The quantity of solid lubricant particles and optionally hard-material particles which is contained in the electrolyte can be varied within wide ranges and, in addition to the proportion to be incorporated, is also dependent on the willingness of the respective particles to deposit. It has proved advantageous that in each case 10-100 g/l solid lubricant particles and hard-material particles are contained in the electrolyte. Particularly preferably in each case 20-50 g/l and most preferably in each case 30-35 g/l solid lubricant particles and hard-material particles are contained in the electrolyte.

In a preferred embodiment of the invention, an acid electrolyte is used, in particular with a pH of ≦3, preferably with a pH of 1-2. An electrolyte which contains one or more alkyl sulfonic acids, in particular with 1-4 C atoms, has proved to be particularly favourable. Methane sulfonic acid, ethane sulfonic acid, methane disulfonic acid and ethane disulfonic acid are preferred alkyl sulfonic acids, in particular methane sulfonic acid. It is further preferred that the electrolyte is free of cyanide, by which is meant within the meaning of the invention that the electrolyte contains less than 0.1 g/l cyanide ions. Less than 0.01 g/l cyanide ions is preferred.

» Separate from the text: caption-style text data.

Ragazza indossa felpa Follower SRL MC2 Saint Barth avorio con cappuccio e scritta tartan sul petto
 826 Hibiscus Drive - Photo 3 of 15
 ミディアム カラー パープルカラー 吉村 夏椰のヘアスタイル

Temperatures of the electrolyte of approximately 20-60° C. are suitable for the electrodeposition, wherein temperatures of 25-35° C. are preferred. As a rule, the deposition takes place at current densities of approximately 0.5-20 A/dm², wherein current densities of approximately 2-4 A/dm² are preferred.

The present invention furthermore relates to a layered composite material which can be obtained using the method according to the invention. The present invention further relates to the use of the layered composite material according to the invention for sliding bearings, in particular crankshaft bearings, camshaft bearings or connecting rod bearings for combustion engines.

The suitable, preferred and particularly preferred embodiments described for the layered composite material according to the invention are also suitable, preferred and particularly preferred for the method according to the invention and the use.

It is understood that the features named above and those still to be explained below can be used not only in the given combinations but also in other combinations or alone, without exceeding the scope of the present invention.

The following example illustrates the invention.

An aqueous electrolyte of the following composition is prepared:

	Sn2+ content (added as tin(II)methane sulfonate)	35	g/l
	graphite particles (particle size ≦10 μm)	30	g/l
	tin(IV)sulfide particles (particle size ≦10 μm)	30	g/l
	wetting agent (alkyl naphthyl ether)	90	ml/l
	suspension stabilizer (ether sulfate)	15	ml/l

The pH of the electrolyte is set to approximately 1.5 with methane sulfonic acid. A sliding bearing having a copper-nickel-silicon alloy as base layer and a nickel layer applied over same was introduced into the electrolyte, connected as cathode and the sliding bearing was coated at 30° C. for 9 minutes at a current density of 3.5 A/dm², wherein a layer thickness of 10 pm was deposited. The obtained layered composite material is shown in FIG. 2. The analysis revealed that the sliding layer contained 0.85 wt.-% tin(IV)sulfide particles and 1.3 wt.-% graphite particles.

For comparison, a pure tin layer was produced without solid particles using the same method.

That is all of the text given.